Problem details: Retyping should cover only the lines from the one containing "Ce que tu veux dans mon vanity :D, Chanel" through the final line of the records, with pictures omitted.

Records for the exercise:
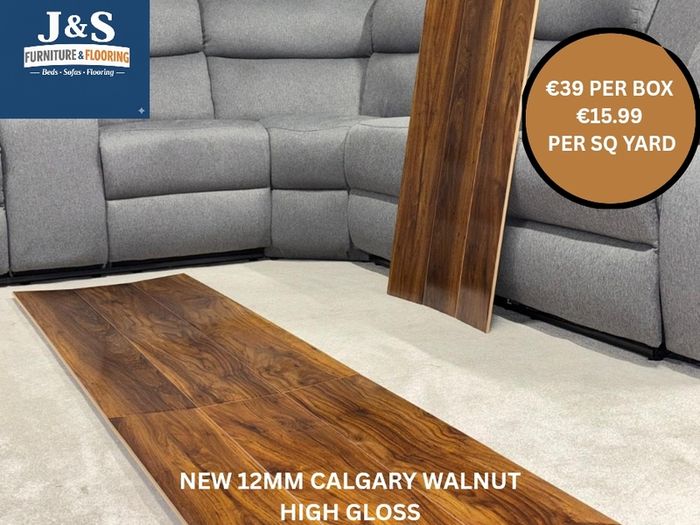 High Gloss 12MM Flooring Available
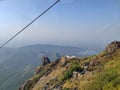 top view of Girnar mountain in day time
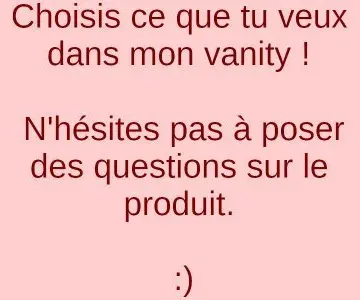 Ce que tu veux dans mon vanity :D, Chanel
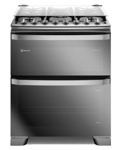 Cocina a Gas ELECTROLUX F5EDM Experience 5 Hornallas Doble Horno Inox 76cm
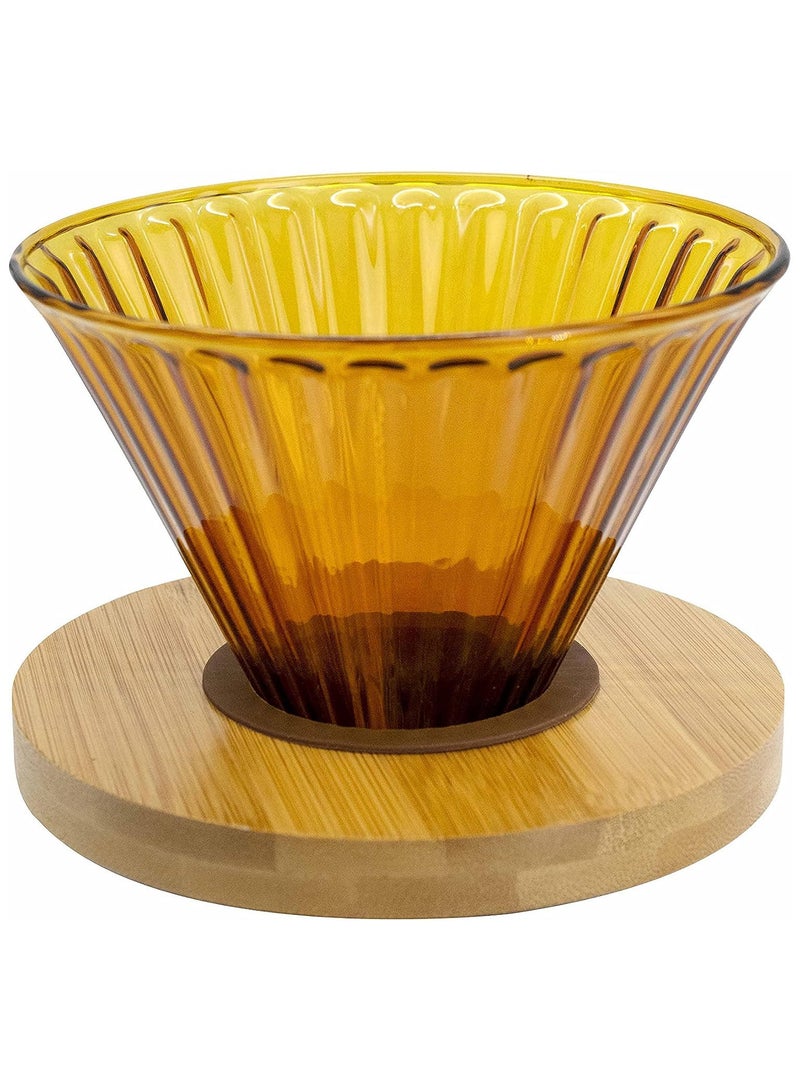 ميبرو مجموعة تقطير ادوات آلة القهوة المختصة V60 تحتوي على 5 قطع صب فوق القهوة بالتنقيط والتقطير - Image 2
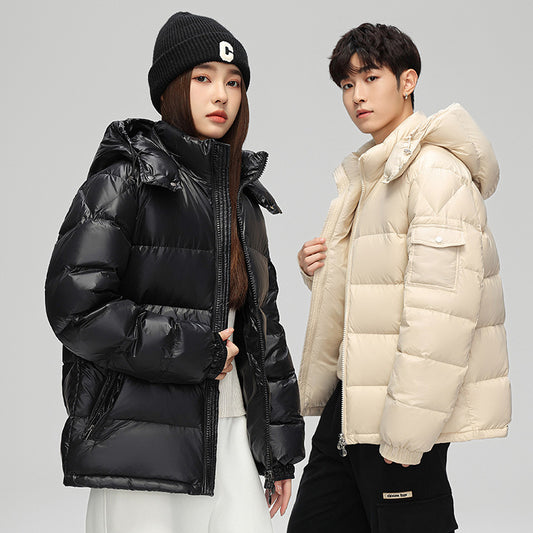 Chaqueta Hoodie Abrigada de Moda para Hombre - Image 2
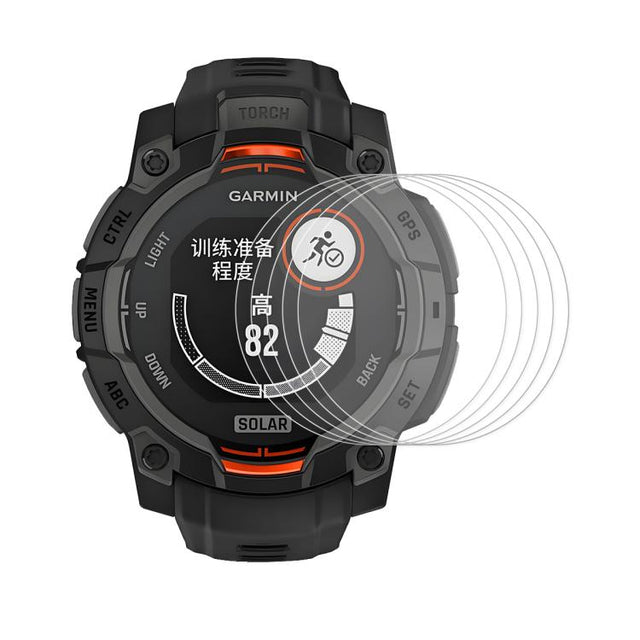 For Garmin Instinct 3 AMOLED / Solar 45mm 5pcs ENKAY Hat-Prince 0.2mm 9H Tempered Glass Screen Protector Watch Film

Solved problem:
 Ce que tu veux dans mon vanity :D, Chanel
 Cocina a Gas ELECTROLUX F5EDM Experience 5 Hornallas Doble Horno Inox 76cm
 ميبرو مجموعة تقطير ادوات آلة القهوة المختصة V60 تحتوي على 5 قطع صب فوق القهوة بالتنقيط والتقطير - Image 2
 Chaqueta Hoodie Abrigada de Moda para Hombre - Image 2
 For Garmin Instinct 3 AMOLED / Solar 45mm 5pcs ENKAY Hat-Prince 0.2mm 9H Tempered Glass Screen Protector Watch Film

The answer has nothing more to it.